For now, let us assume that the recipients of such campus-wide campaigning want very much to know and grow in knowledge (this seems fair given the price of tuition). Further, let us imagine that students care dearly about the community in which they daily exist, and want nothing more than to see it flourish.
Wouldn't such an environment, with such exciting people, be all but perfect for comprehensive publications with cited sources and suggestions for further reading?
We live in an era of Twitter and pundits' chalkboards. Loud declamations of statistics are too, too familiar – in the way that the act of breathing is familiar, yet forgettable.
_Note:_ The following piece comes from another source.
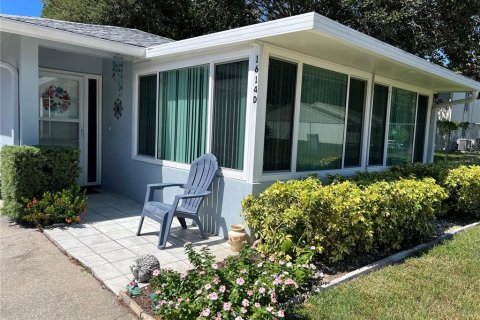 Villa ou maison à Palm Harbor, Floride 1 chambre, 75.62 m2 № 2141936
Perhaps we ought to consider that distribution of disparate facts does not contribute to our education or a sense of support for urgent causes. Perhaps it is causing detriment.
I know that when I see a poster telling me about my community as a result of a survey conducted of Skidmore students, I want to know how many people responded, what that percentage means. I am uneasy being told a statistic about my living environment for which the background specifics are obscure.
If I am learning about hate crimes, I want to know where they most frequently occur, among what groups of people, whether they have been on the decline the past decade or on the rise.
We are the new generation of highly educated citizens, and we have a new, revolutionary tool. Right now, it is under-utilized as a resource and an adjunct to how we pursue our educations. Conversely, it can too easily be accessed to call up easy, micro-bits of information.
We are called to demonstrate just how much we are capable of, how much we understand, how hungrily we perceive.
We are expected to adhere to the highest standards of academic integrity; we ought to be able to ask that of those above us, advising us. Because making propaganda of very complicated urgent issues – that will certainly make us stupider.